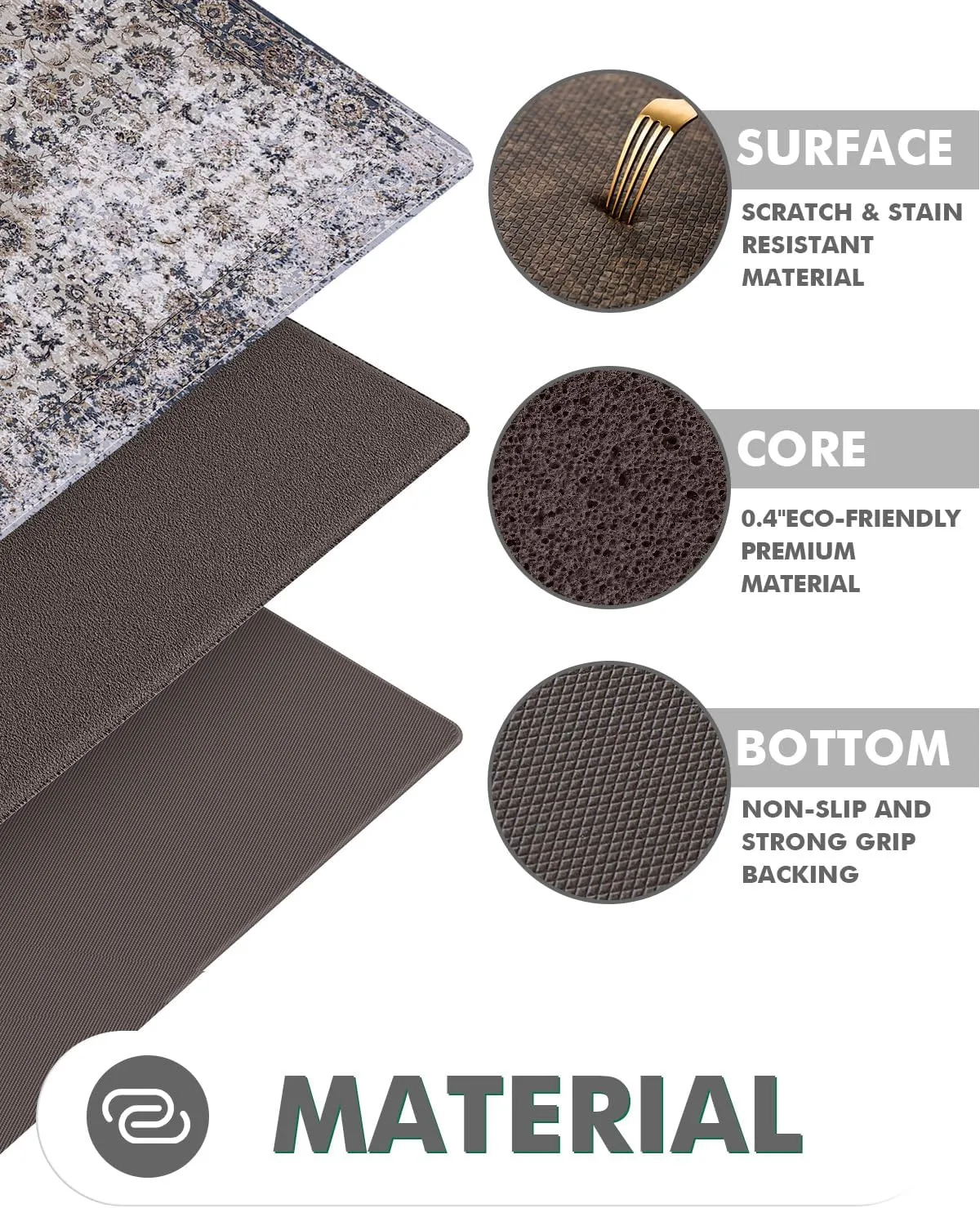 LUMI 2025 Upgraded Anti-Fatigue Cushioned Kitchen Mat for Floor, Non-Slip Padded Runners for Standing, Comfort PVC Rugs for Desk Office, Sink, Laundry, 24"x87", Light Grey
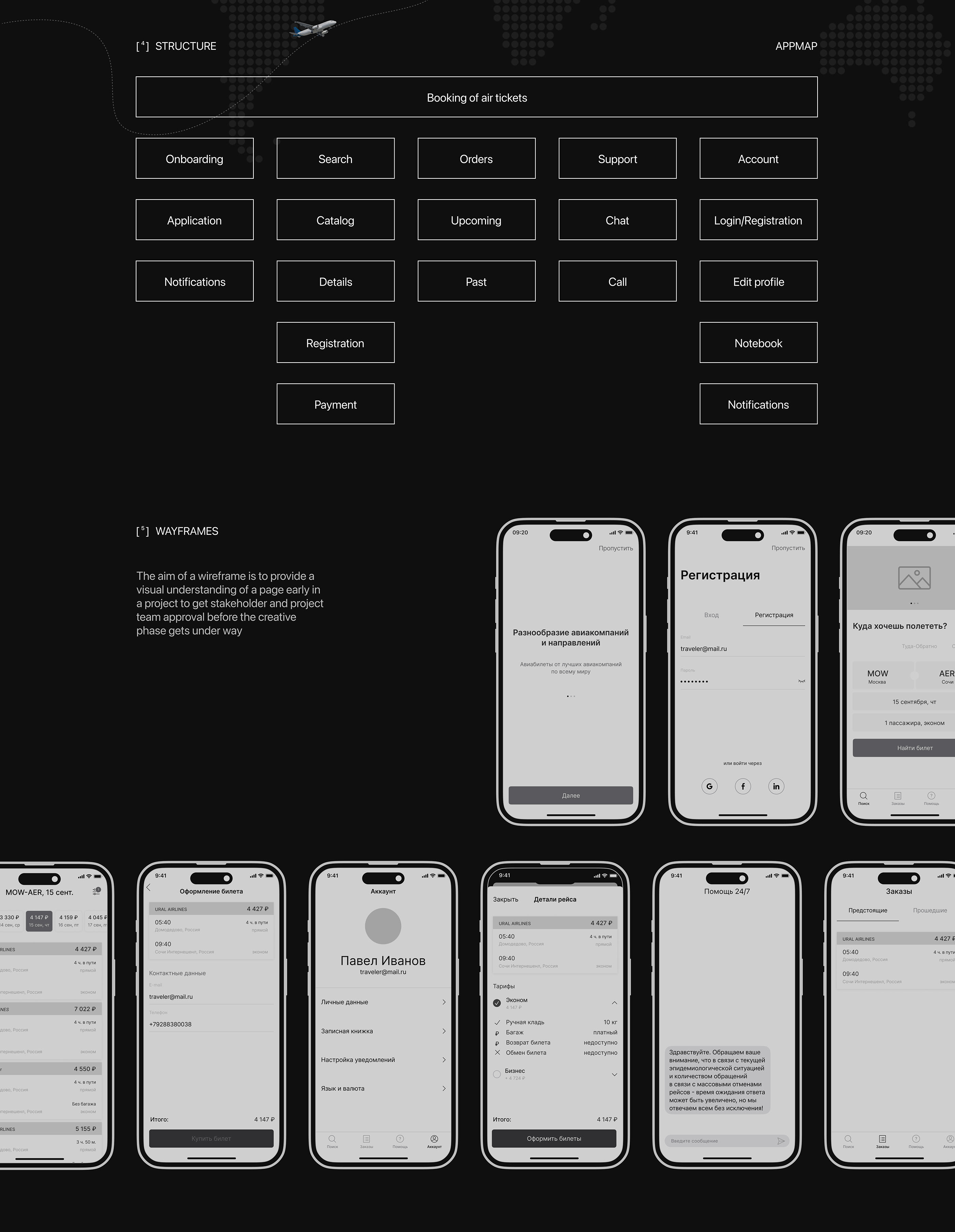 Aircraft App — Изображение №3 — Интерфейсы, Графика на Dprofile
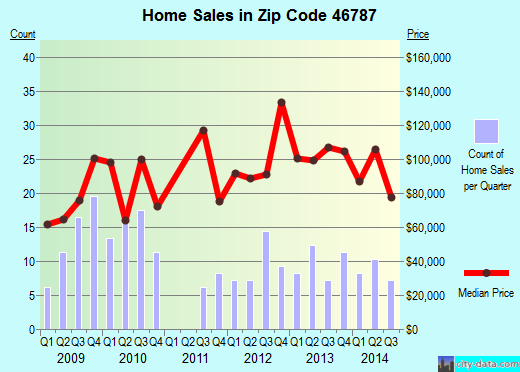 Zip code 46787 (South Whitley, Indiana) real estate house value trends
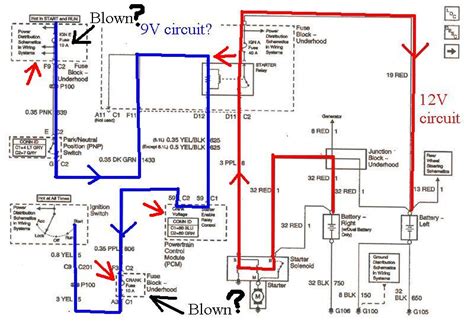 2011 Avalanche Wiring Diagram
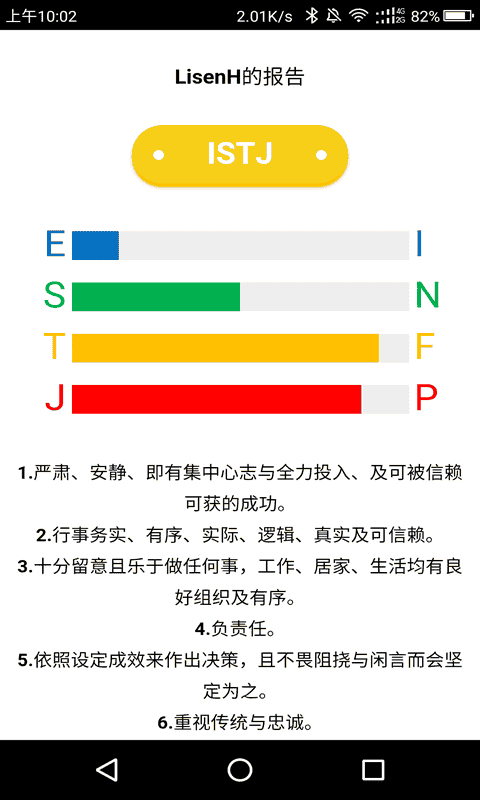 洞见心理测试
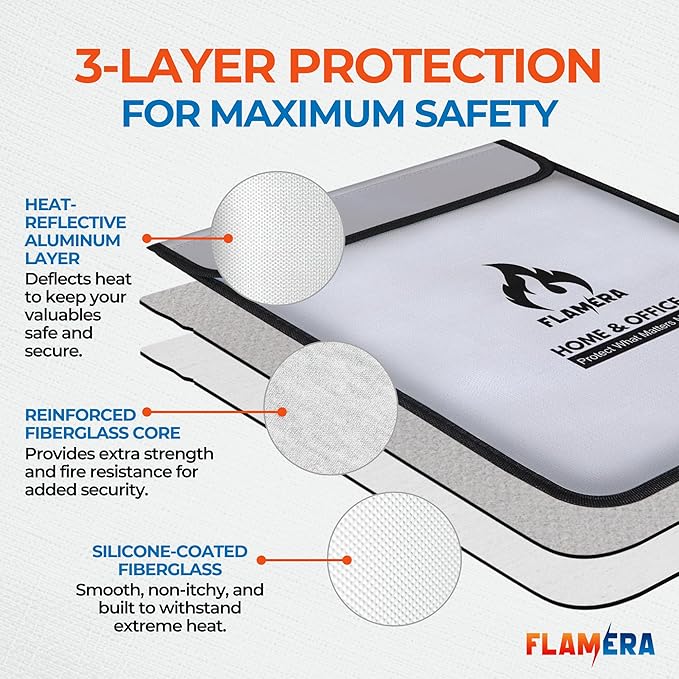 Fireproof and Water-Resistant Bag with Two Pockets and Secure Zipper – 15" x 11" Fireproof Money Bag, Heat Resistant up to 2000°F – Protects Documents, Cash, and Valuables for Home or Office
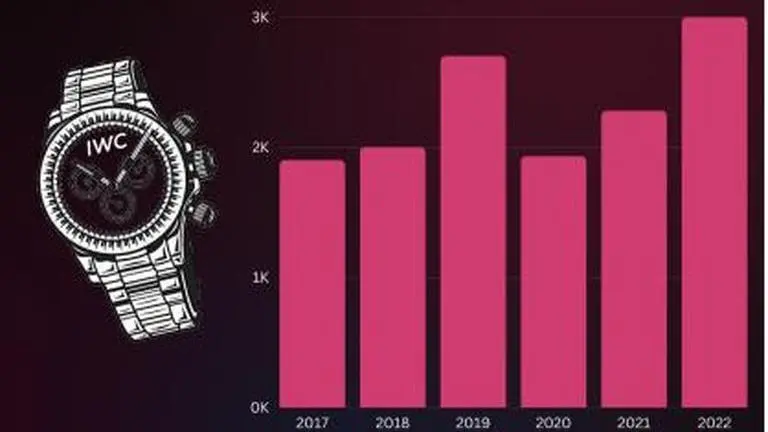 India poised to lead the post-pandemic luxury watch market, says Indian Watch Connoisseur India Watch Company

- - -

> PROBLEM STATEMENT: A verbatim transcript of the entries above is required, with the pictures left out.

> TASK OUTPUT:
 LUMI 2025 Upgraded Anti-Fatigue Cushioned Kitchen Mat for Floor, Non-Slip Padded Runners for Standing, Comfort PVC Rugs for Desk Office, Sink, Laundry, 24"x87", Light Grey
 Aircraft App — Изображение №3 — Интерфейсы, Графика на Dprofile
 Zip code 46787 (South Whitley, Indiana) real estate house value trends
 2011 Avalanche Wiring Diagram
 洞见心理测试
 Fireproof and Water-Resistant Bag with Two Pockets and Secure Zipper – 15" x 11" Fireproof Money Bag, Heat Resistant up to 2000°F – Protects Documents, Cash, and Valuables for Home or Office
 India poised to lead the post-pandemic luxury watch market, says Indian Watch Connoisseur India Watch Company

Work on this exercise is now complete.